Some thoughts on whiteness and trans genre (ie writing and authorship)...(thread)
I was mulling over Preciado’s astonishing claim in An Apartment on Venus that “sex change and migration” are the signature “crossings” that undermine contemporary citizenship...
...and part of the objection to this claim might be that the way it aims to link race and transness—through the “and”—does the opposite.

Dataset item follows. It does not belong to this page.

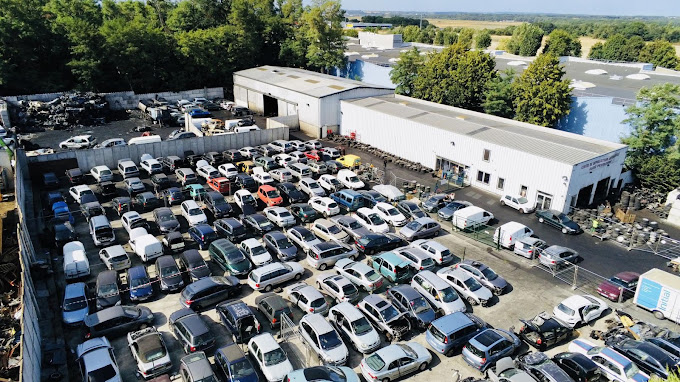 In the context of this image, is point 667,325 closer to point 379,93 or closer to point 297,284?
point 297,284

It separates them as discrete, equivalent matters...
...so that who disappears is the trans migrant, so often a poor, brown trans woman, who cannot deploy “crossing” in the cool trans way that Preciado claims for himself.
And so I think “trans” is actually the category that covers over the undisclosed inter-racial relation of Preciado to the unimaginable trans woman of color migrant.
And that this object lesson broadens as follows: trans is a genre of disavowal in many cases of a racial haunting of the author, given that the modern genealogy of the category is assumed to be sexological, colonial, and white-autobiographical.
I can’t hype enough @cawkward_rich’s call to consider what other textual genealogies there are for trans than the white colonial, sexological one. Genealogies that would arrive elsewhere than trans as a white thing that has to find its racialized other,
because it seems like to avoid erasing the trans woman of color, so much trans writing instead idealizes her to reveal the constructedness of the white trans author, especially when he’s masc...
...thinking here of the brilliant discussion of this at the end of semester merting in @graceelavery’s seminar, with @daniel_m_lavery and @jordy_rosenberg.
I wonder what “trans” writing or genre would look like if it didn’t have to start with its whitened, colonial-sexological-autobiographical mode and THEN establish a relation to racialized subjects...
...in other words, how would a pluralized, trans of color ground for trans genres disrupt this very problem and proliferate beyond trans as it is currently being marketed and consumed?